My main intention, with the work I do, is to build a healthier middle class of artists. That especially goes for musicians.

For the sake of defining it, what do I mean when I talk about the middle class, in terms of music?

I talk about this enough that it deserves deeper exploration. And it’s important to discuss what I see as the “upper” and “lower” classes in the music industry, first.

“Upper class” musicians would be either people who make an entire comfortable living off of music, or people who already have such significant resources that spending on growing a music career is not an object. Musicians who also work in the industry are not necessarily upper class. If you can stop work completely for a year, do nothing unrelated to music, and keep a roof over your head, this is you. Notably, being an upper class musician does not necessarily mean you don’t do an obscene amount of work. It also doesn’t necessarily mean you’re rich.

If you’re an upper-class musician, you might have a job that pays well and can be done fully on the road, or a job that directly benefits from your work as a musician. Sometimes, the “upper-class” part of this is because you’re at no real financial risk from your music activities. Other times, the “upper-class” part is because you make enough doing music only to live comfortably.

“Lower class” musicians would be musicians who are severely struggling to make any money at all from music, when that is their intent. This qualifier matters. Musicians are not served from thinking in this way, in my opinion, when monetary gain is not a goal.

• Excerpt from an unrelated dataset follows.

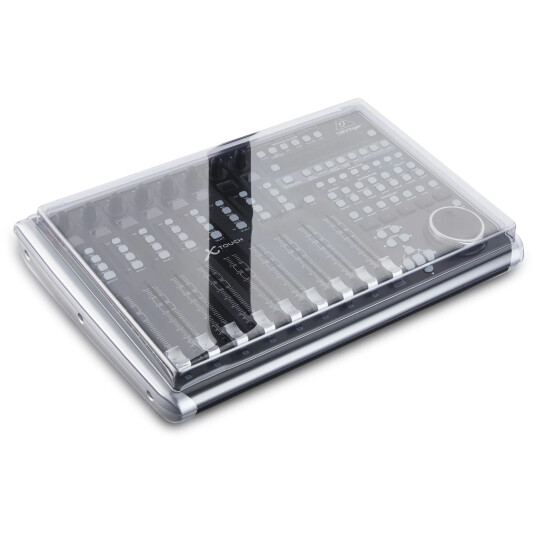 Decksaver Behringer X-Touch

Hobbyists and those who make for the sake of art alone should not have to define themselves in capitalist fashion. But if you’re an artist, you have monetary gain as a goal, and you aren’t already in possession of significant resources, the lower class is where you start. This might also be qualified as an “emerging” artist, depending on who you ask.

“Middle class” musicians are people who play music professionally and at least break even doing so. They may be able to carve out a modest living through music only, or they may break even doing music and then support themselves through non-creator jobs. A lot of musicians who people see as successful fit this mold, and they are often bigger names than you think. I have personally known at least one Grammy-winning artist who fit this definition at the time of his win, relying largely on income from weddings and session work to pay his rent.  

If you’re a middle-class musician, you might have a totally separate day job, or the kind of job that’s gig economy-based (bartending, producing, for-hire service work, etc) and allows you to tour without much issue. 

These are my definitions of what the upper, middle, and lower class of musicians all look like. Here’s the hardest part of it:

My version of “middle-class artist” still makes what most occupations would consider to be a below-middle-class salary. Upper-class goes all the way up to Taylor Swift, but it goes all the way down to what most non-tech occupations would consider to be a “pretty good” salary for someone with 5+ years of experience.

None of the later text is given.